Android WMS动画系统初探(一)
Android WMS动画系统初探(二)
Android WMS动画系统初探(三)

Android 动画原理

Android中动画的工作过程:在某一个时间点,调用getTransformation(),根据mStartTime和mDuration,计算出当前的进度,在根据mInterpolator计算出转换的进度,然后计算出属性的当前值,保存在matrix中。 再调用Matrix.getValues将属性值取出,运用在动画目标上。

Animation 和 Transform

animation_class.png

Animation 在给定了初始状态、结束状态、启动时间与持续时间后,可以为使用者计算其动画目标在任意时刻的变换(Transformation)

子类:TranslateAnimation,ScaleAnimation,RotateAnimation,AlphaAnimation

Transformation 描述了一个变换,包含两个分量:透明度和一个二维变换矩阵

Choreographer

无论APP或者系统,都是可以直接向Choreographer注册FrameCallback来实现动画驱动的。

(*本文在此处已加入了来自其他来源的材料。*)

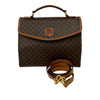 Celine Macadam Coated Canvas Satchel Secondhand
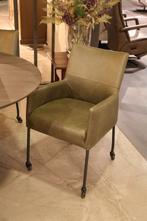 Lanny Armstoel leder Moss (set van 4) - IN.HOUSE, Huis en Inrichting, Stoelen, Nieuw, Leer, Ophalen of Verzenden, Vier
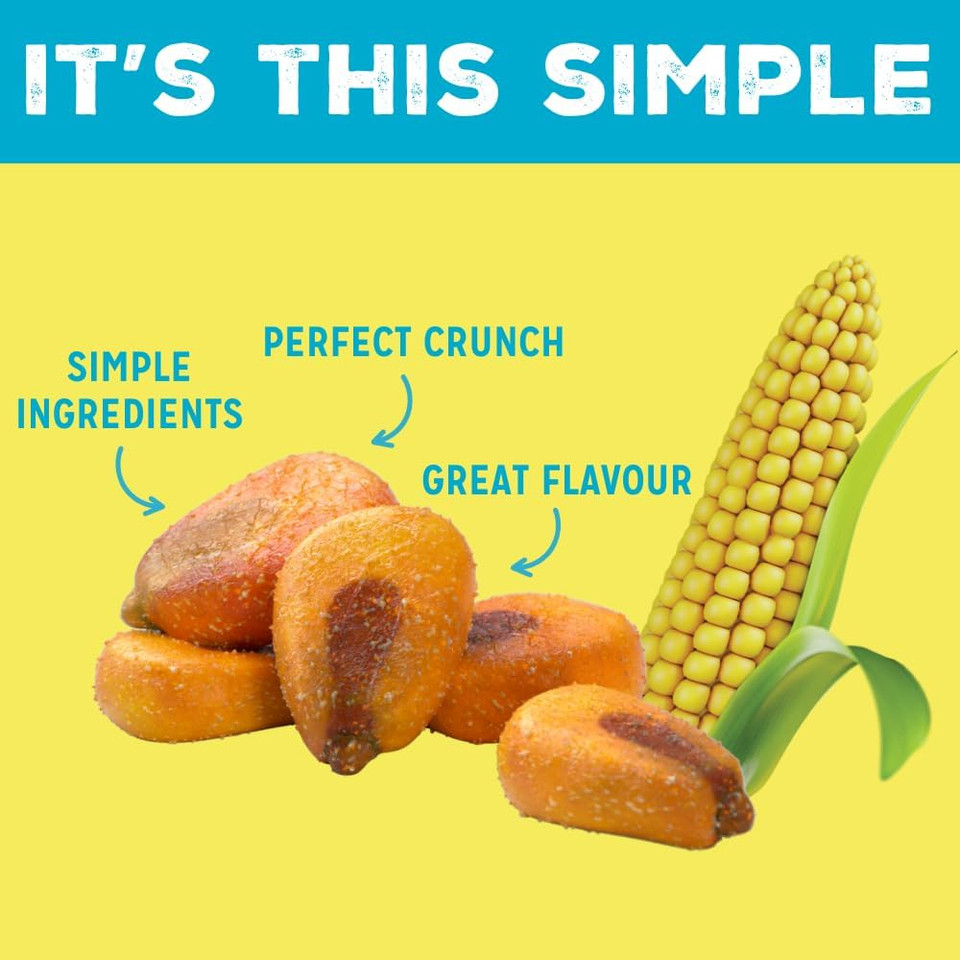 LOVE CORN Salt & Vinegar Crunchy Corn Snack 115g x 6 Bags  Healthy Snacks Ideal for Gluten Free & Vegan Diets  Low Sugar Alternative for Crisps, Mixed Nuts & Pretzels  Perfect To Graze On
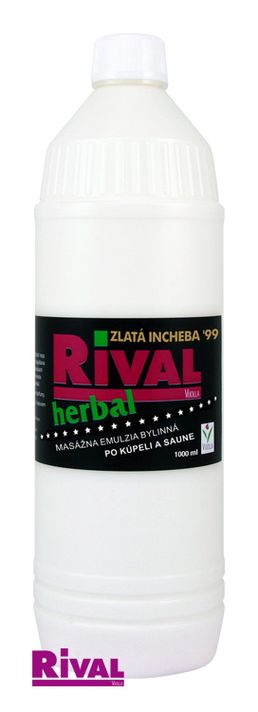 RIVAL - Herbal masážna emulzia bylinná po kúpeli a saune 1000 ml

Choreographer 类似 Handler,处理回调的时机为屏幕的垂直同步(VSync)事件到来之时,其处理回调的过程被当作渲染下一帧的工作的一部分

postCallback(int callbackType, Runnable action, Object token)

在下一次 VSync 时执行 action 所指定的操作。
callbackType 的取值:
CALLBACK_INPUT:处理输入事件
CALLBACK_ANIMATION:处理动画事
CALLBACK_TRAVERSAL:处理布局

postCallbackDelayed(int callbackType, Runnable action, Object token, delayMillis)

比 postCallback 增加了一个延迟

postFrameCallback(FrameCallback callback)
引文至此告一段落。